When you retype the data, keep every word exactly and include none of the pictures.

======== Dataset excerpt ========

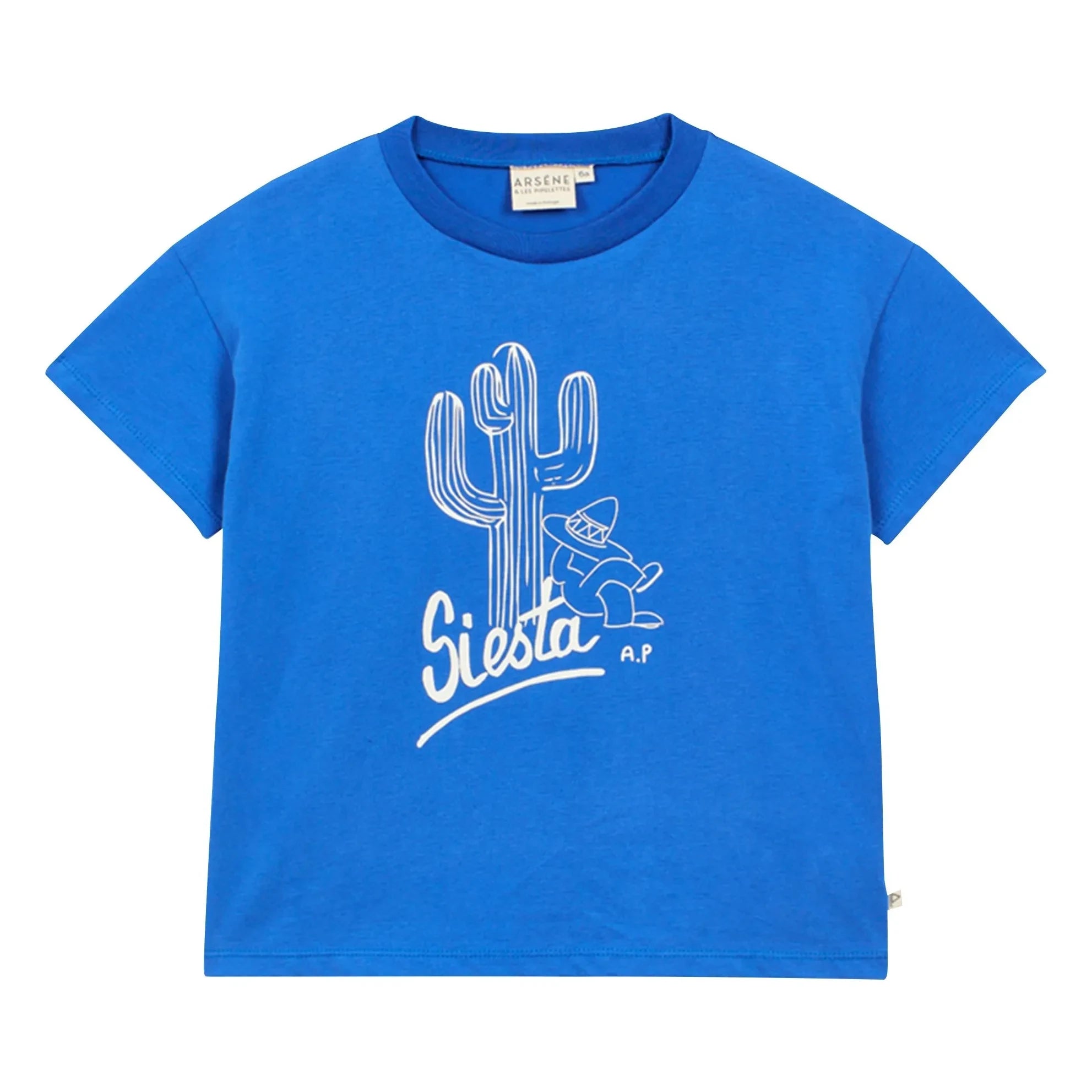Arsène et Les Pipelettes - Siesta Bio-Baumwoll T-Shirt | Azurblau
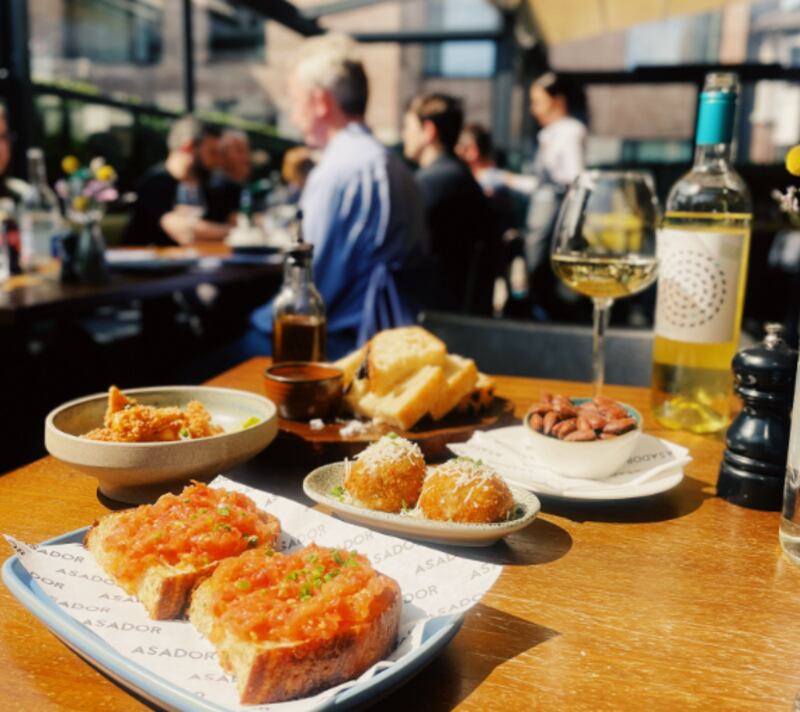 Asador's €49 deal offers your choice of a bottle of red or white wine, served with your choice of five small plates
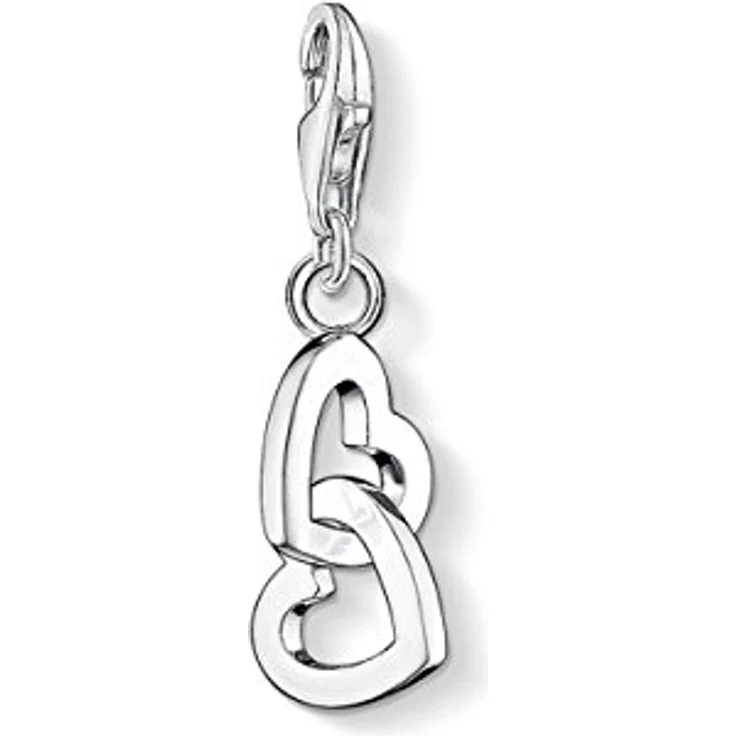 Thomas Sabo Charm-Anhänger Herzen Charm Club, 925 Sterling Silber mit Karabinerhaken, ideal für Damenketten und Bettelarmbänder – Bild 1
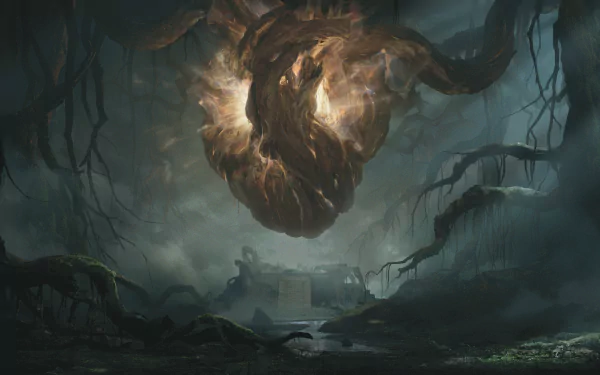 HD wallpaper of Dragonheir: Silent Gods featuring a mysterious fiery orb above an ancient temple in a dark forest.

========

Response to this task:
Arsène et Les Pipelettes - Siesta Bio-Baumwoll T-Shirt | Azurblau
 Asador's €49 deal offers your choice of a bottle of red or white wine, served with your choice of five small plates
 Thomas Sabo Charm-Anhänger Herzen Charm Club, 925 Sterling Silber mit Karabinerhaken, ideal für Damenketten und Bettelarmbänder – Bild 1
 HD wallpaper of Dragonheir: Silent Gods featuring a mysterious fiery orb above an ancient temple in a dark forest.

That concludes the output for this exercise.